It appears that many speedways shoot from the hip when handing out penalties and this creates accusations and criticism. Every track should have a predetermined offense list that includes tiered punishments for technical violations, and on/off track misconducts. A history database should also be compiled as a reference guide to create consistency when issuing penalties and to confirm multiple offenders.
-Does your track team have respected executives and consultants?
An executive representative who is widely respected should be present at every speedway. It has to be somebody who understands the struggles that a race team goes through on a regular basis. This often, but not always, comes in the form of a current or ex-racer. Track operators are not doing race teams a favor by giving them a place to race. Respecting what the teams go through and showing them appreciation for supporting the speedway is vital as racers have lives outside of racing. They are, in fact, choosing to devote time to their home track.

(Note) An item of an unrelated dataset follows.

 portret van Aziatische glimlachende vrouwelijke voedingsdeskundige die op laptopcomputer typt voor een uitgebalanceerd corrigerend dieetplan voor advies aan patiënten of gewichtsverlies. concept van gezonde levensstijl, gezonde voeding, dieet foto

-Does your track have any type of rewards program or contingency sponsors to give back to competitors?
If the speedway is bringing in money for advertising income then a small percentage of that should be dispersed to the racers. Awards should also be given to the most recognized characters of the speedway in the form of Most Popular Driver, Best Appearing Racecar, etc.
-Do racers and owners enter the track for free? If not, does the purse at least cover their entrance fee?

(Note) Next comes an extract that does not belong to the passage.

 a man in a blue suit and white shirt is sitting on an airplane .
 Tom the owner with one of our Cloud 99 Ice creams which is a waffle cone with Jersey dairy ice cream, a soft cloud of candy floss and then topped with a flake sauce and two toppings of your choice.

Short track racing is a semi-professional (in some cases, professional) spectator sport. In most cases they are being charged to enter your facility so they can perform a dangerous act in front of your crowd. If competitors and car owners are being charged to enter the pit area then the purse structure must at least cover that expense.

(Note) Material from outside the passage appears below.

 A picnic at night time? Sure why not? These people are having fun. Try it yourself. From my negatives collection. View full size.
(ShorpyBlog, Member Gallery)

-Are race winners and champions able to enjoy their victories with a level of excitement?
Winning a race is extremely satisfying to a racer and his/her team. A speedway should do their part in adding to the celebration to create a memorable experience. Pyrotechnics, confetti, music, ability to celebrate with crew members, and an attractive backdrop for photo capturing should all be part of the ceremony.
-Are the racers and teams in sync with your visions of division rules?
If car owners see uncertainty in the future of a division/series then it affects their decision of acquiring a certain race car. They see their purchases as investments. A speedway should have a 10 year vision of their divisions and the competitors should be made aware of the forthcoming of their investments. Regulations should be discussed between the track and its race teams and there should be a considerable amount of time before putting new rules into effect. Race tracks shouldn’t make sudden rule changes because this diminishes trust with its racers.
-Do race teams have freedom with their investments?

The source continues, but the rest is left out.